Below is a listing with pictures. Repeat exactly the lines starting at the one holding "Indicode Jeans T-Shirt" and going on through the one holding "Thumbnail 3 in", and leave every picture out.

Material for the task -
┌────────
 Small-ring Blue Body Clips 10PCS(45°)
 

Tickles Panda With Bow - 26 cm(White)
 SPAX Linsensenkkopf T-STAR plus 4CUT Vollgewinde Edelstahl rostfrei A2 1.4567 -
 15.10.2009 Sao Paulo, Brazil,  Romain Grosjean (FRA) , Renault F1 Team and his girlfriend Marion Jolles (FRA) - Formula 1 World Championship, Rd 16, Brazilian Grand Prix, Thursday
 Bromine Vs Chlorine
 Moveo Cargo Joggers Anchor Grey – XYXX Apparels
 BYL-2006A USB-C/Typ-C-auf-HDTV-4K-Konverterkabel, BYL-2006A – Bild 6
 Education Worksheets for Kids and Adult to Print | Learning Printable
└────────
┌────────
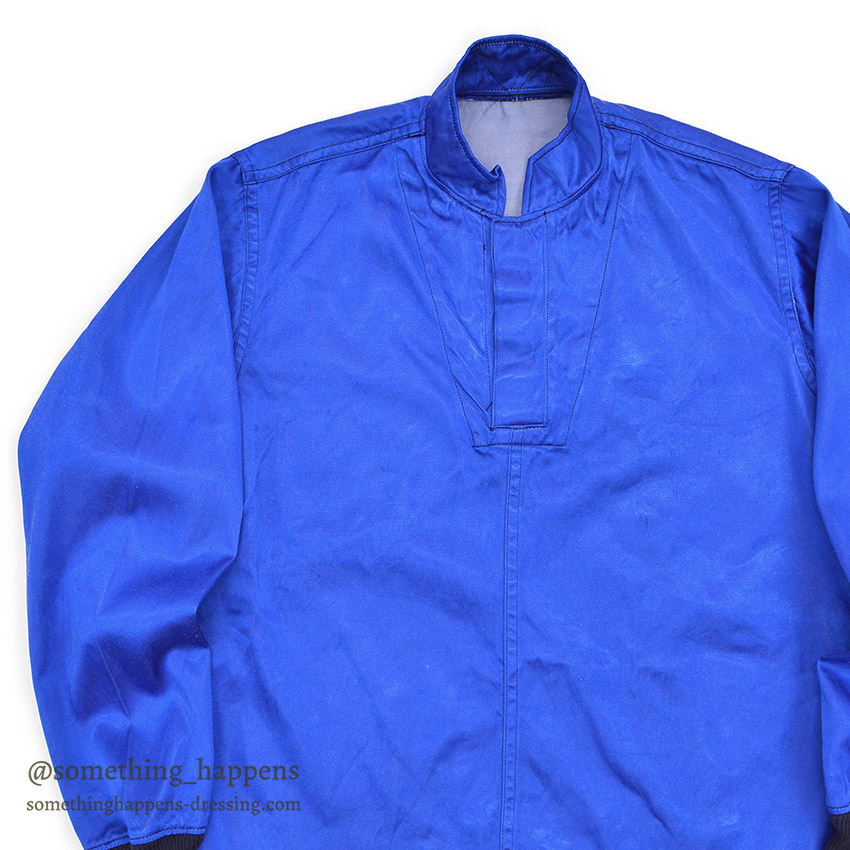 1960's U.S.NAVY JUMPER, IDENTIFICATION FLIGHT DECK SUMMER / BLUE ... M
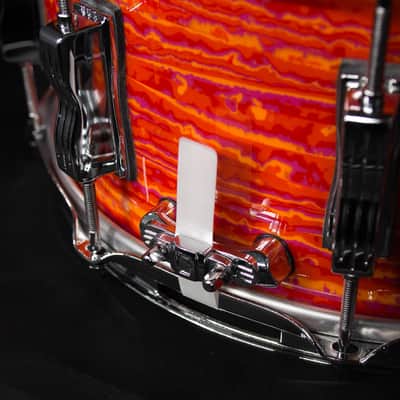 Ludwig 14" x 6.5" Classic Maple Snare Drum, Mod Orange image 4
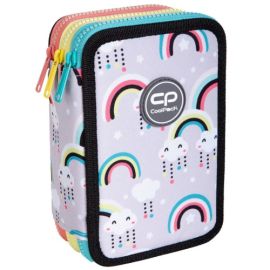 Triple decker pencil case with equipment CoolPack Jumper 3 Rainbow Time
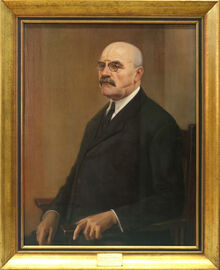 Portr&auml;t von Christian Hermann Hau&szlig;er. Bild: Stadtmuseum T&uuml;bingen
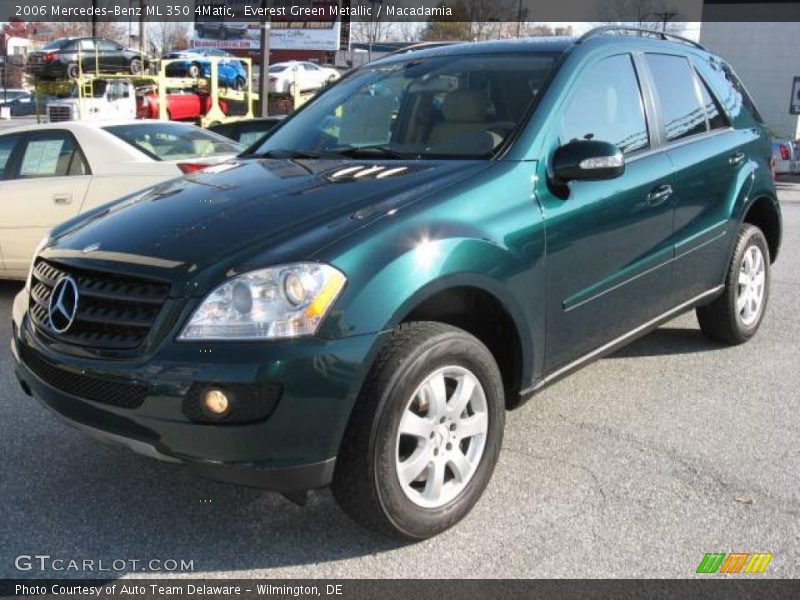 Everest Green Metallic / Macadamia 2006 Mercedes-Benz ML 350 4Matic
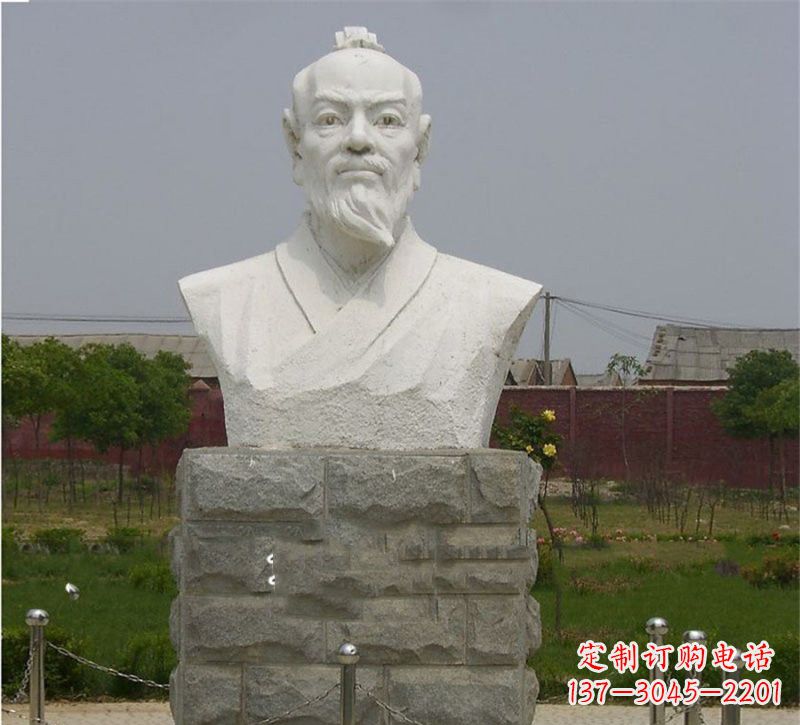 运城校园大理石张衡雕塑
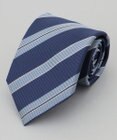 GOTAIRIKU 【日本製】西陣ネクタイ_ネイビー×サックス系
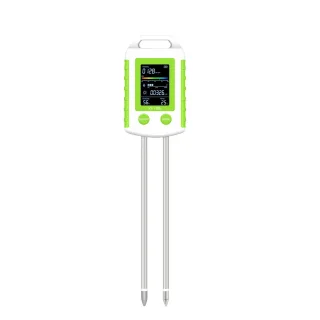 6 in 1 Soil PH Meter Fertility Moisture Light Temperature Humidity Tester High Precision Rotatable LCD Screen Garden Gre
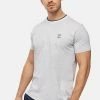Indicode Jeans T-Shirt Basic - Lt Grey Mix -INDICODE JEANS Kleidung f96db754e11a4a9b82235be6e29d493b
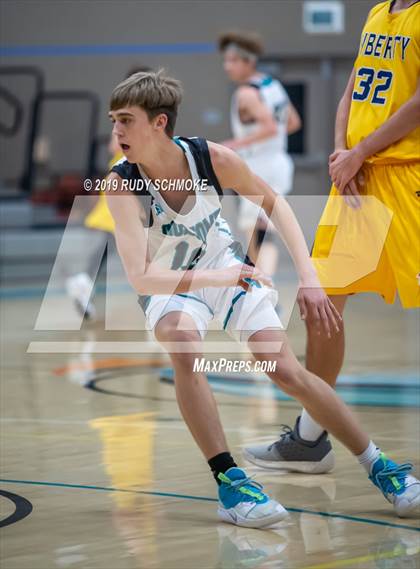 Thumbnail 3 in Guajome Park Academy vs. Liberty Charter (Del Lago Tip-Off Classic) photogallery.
└────────
┌────────
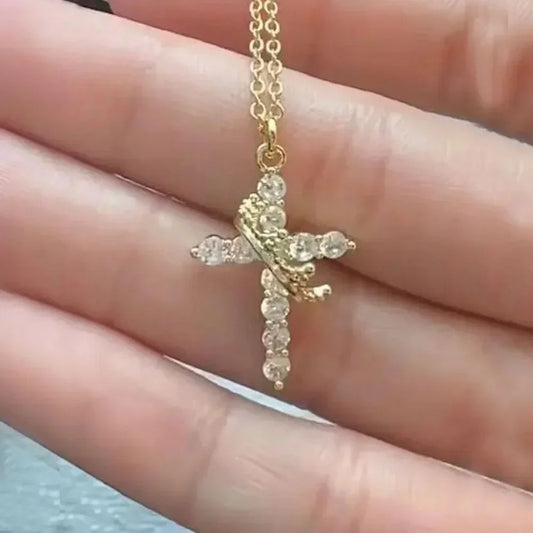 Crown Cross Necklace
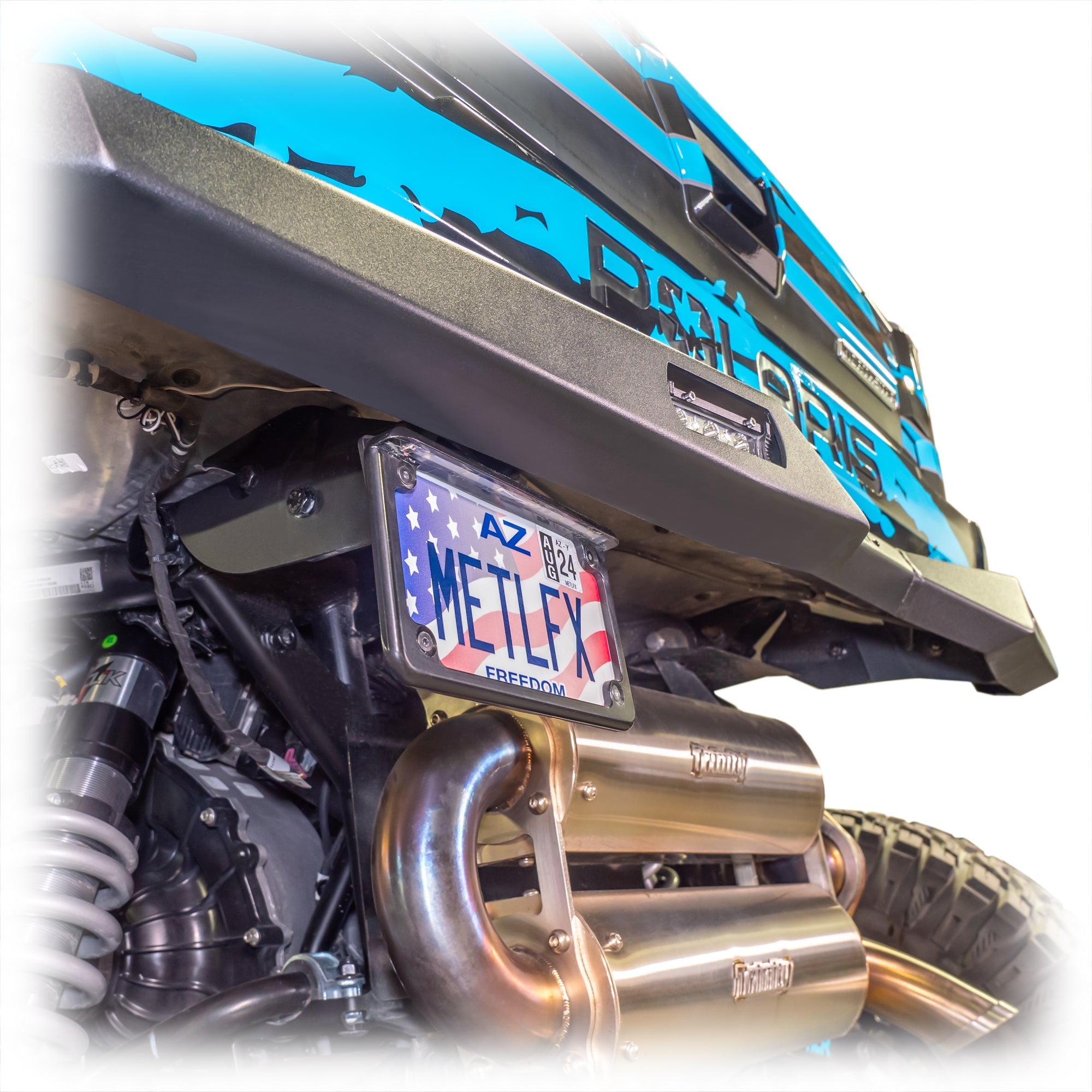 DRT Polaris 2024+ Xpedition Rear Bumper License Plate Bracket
└────────
Response below -
Indicode Jeans T-Shirt Basic - Lt Grey Mix -INDICODE JEANS Kleidung f96db754e11a4a9b82235be6e29d493b
 Thumbnail 3 in Guajome Park Academy vs. Liberty Charter (Del Lago Tip-Off Classic) photogallery.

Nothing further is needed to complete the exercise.